PLC Counter Instruction


         Typical applications of counters include keeping track of the number of items going through a particular point and determining the number of times a particular activity is carried out.

Preset counters

         When the counted total of a preset counter matches the user-entered preset restrictions, the counter is able to regulate an external circuit.

Preset counters

Mechanical Counters

         It is possible for programmable counters to perform the same purposes as mechanical counters.


Mechanical Counters
  • The counter increases by one number whenever the actuating lever is moved over it, and the actuating lever always goes back to its starting position when it is no longer in use.
  • A pushbutton on the side of the machine is used to reset everything to its default value of zero.

Electronic Counters

         Electronic counters have the ability to count up, count down, or combine the two functions to count both up and down. They must rely on external sources in order to perform counting tasks, such as components moving in front of a sensor or activating a limit switch.

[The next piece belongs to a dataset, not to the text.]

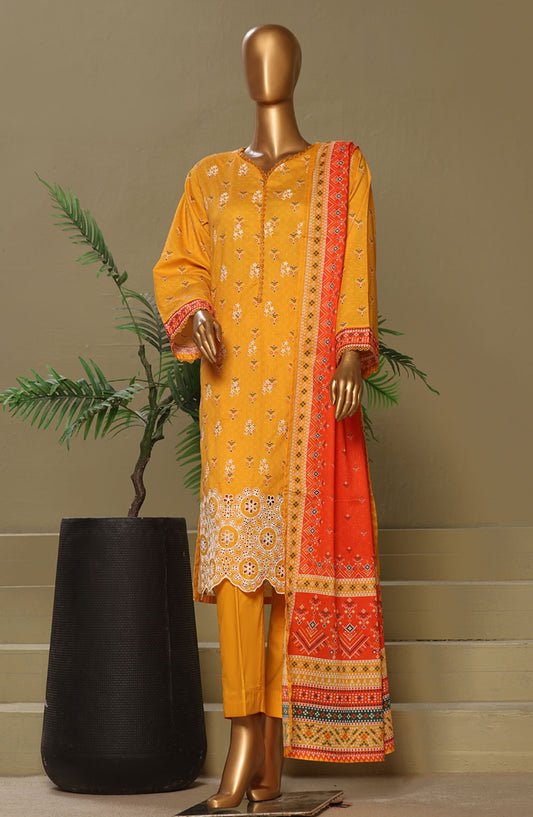 Bin Saeed Chikankari Lawn Stitched 3 Piece Suit - D-03 - BS25LC - Mustard - Summer Collection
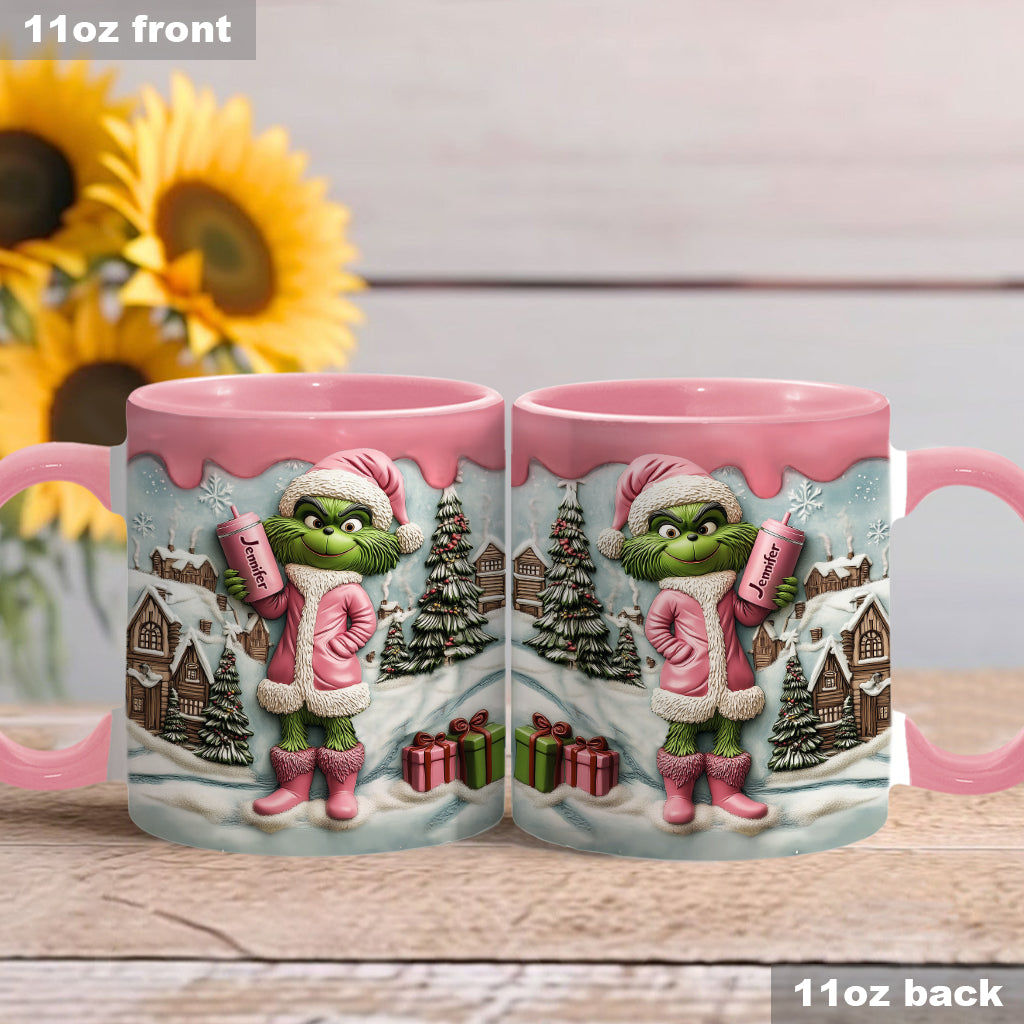Grinchy Green Lady - Personalized Stole Christmas Accent Mug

How does a PLC counter compare to a timer?

         Similar to timers, PLC counter instructions rely on external or program sources rather than an internal clock to perform their counting functions.

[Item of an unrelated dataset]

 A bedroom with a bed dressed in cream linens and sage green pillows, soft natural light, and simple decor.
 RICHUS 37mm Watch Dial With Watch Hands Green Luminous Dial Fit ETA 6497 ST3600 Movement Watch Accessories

What are some of the benefits of using a counter in a PLC?

  • A PLC counter can use a sensor and hence function as a no-contact counter is one of the many advantages of employing this counting method. The possibility that light parts will be unable to move the mechanical counting operator.
  •  PLC counters typically have retention.

Instruction for Coil-Formatted Counter

         When the accumulated count equals the preset count, the output is energized and the counter output is closed. The counter contact can be used as many times as you wish throughout the program as an NO or NC contact.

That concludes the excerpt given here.